How the 2004 US Presidential election would have been under RV and AV, versus what it was under plurality

Warren D. Smith. Updated to higher accuracy Sept. 2007.

Here is the world's only actual data (as of 2005) about range & approval voting vis-a-vis US third parties – given in my paper (#82 here) coauthored with Doug Greene & Jacqueline Quintal.

This is based on a pseudo-election we conducted with real US voters (122 range voters and 656 approval voters) simultaneously with the 2004 presidential election (as an exit poll).

2004 results:
Candidate Plur RV AV
Bush(Rep) 50.7 40 39
Kerry(Dem) 48.3 56 61
Nader 0.38 24 21
Badnarik 0.32 7.2 0.64
Cobb 0.10 8.1 2.1
Peroutka 0.12 5.6 1.0
Calero 0.003 3.1 0
Total3rd 0.92 48 25

As you can see, under range voting (RV) the third party candidates all would have done a lot better relative to Bush and Kerry than under either approval voting (AV) or the current plurality (plur) system. This illustrates the huge anti-third-party distortion that plurality voting usually causes.

[Warning: do not conclude from this that under RV or AV, Kerry would have beaten Bush in 2004. That is mostly an artifact of the fact these polls were of voters in New York State and Philadelphia PA suburbs, areas in which Kerry did beat Bush – and did so comparably to our AV and RV poll results. Bush won nationwide, as you can see from the "Plur" column. It is legitimate to conclude RV will cause third parties to get a lot more support, since in NY state and Philadelphia the third party plur voters were very rare. The "Total3rd" row is just the sum of Nader, Badnarik, Cobb, Peroutka, and Calero results – which is admittedly somewhat meaningless – but anyhow as you can see it actually would have exceeded Bush's total under range voting. Please see the full paper if you want, e.g, statistical error bars, which are omitted here for simplicity.]

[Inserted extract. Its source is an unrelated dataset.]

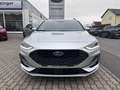 Ford Focus ST-LINE X Turnier Autom, NP44.188+AHK+NAVI+DAB+ACC Argent - thumbnail 4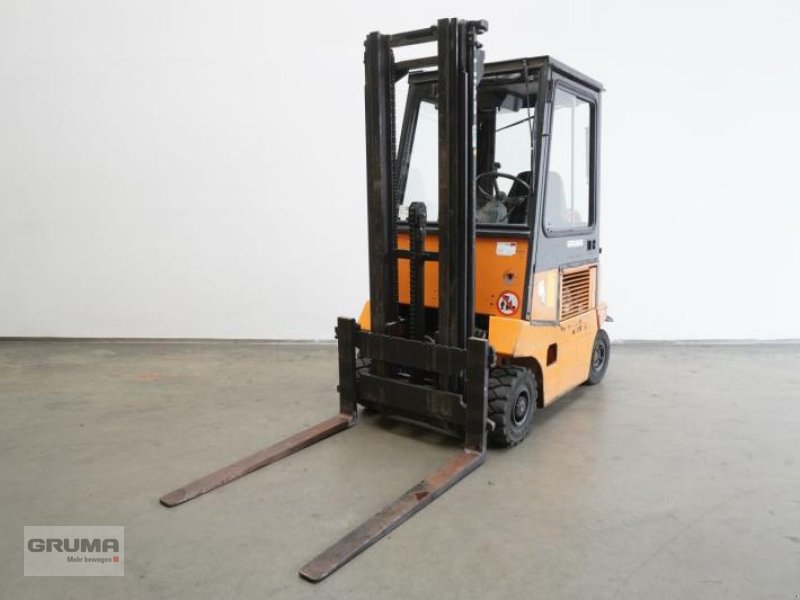 Gabelstapler des Typs Still R70-16T, Gebrauchtmaschine in Friedberg-Derching (Bild 1)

[Warning: the data on Socialist Worker's Party candidate Calero is included with some trepidation because there was not much data on him. But as you can see what there was of it also suggested that he would have gotten lots more range votes than under either AV or plurality.]

(Worried about the nonlinearity bogeyman?)

Want more data?

Check out the French Approval-Voting and French Range-Voting studies. And our range-voting polls collection for key historical elections.

Want still more data?

Also, you may be interested in the following. In the 1992 US Presidential Election, according to an analysis of National Election Study data by Steven J. Brams and Samuel Merrill III [Politics and Political Science 27,1 (March 1994) 39-44], the vote totals again would have been tremendously altered with approval voting (although the finish order would not have changed) again illustrating the tremendous distortionary penalty faced by third-party candidates under the plurality system.

1992 results:
Candidate Plur AV
Clinton(Dem) 43.0 55
Bush(Rep) 37.4 49
Perot 18.9 42

And in the 1980 US Presidential Election, according to the analysis based on many polls in chapter 9 of Brams & Fishburn's book, Anderson probably actually would have come in second behind Reagan but ahead of Carter, under approval voting, whereas under plurality voting he was far in third place with under 7% of the votes. Again this illustrates the tremendous distortionary penalty faced by third-party candidates under the plurality system.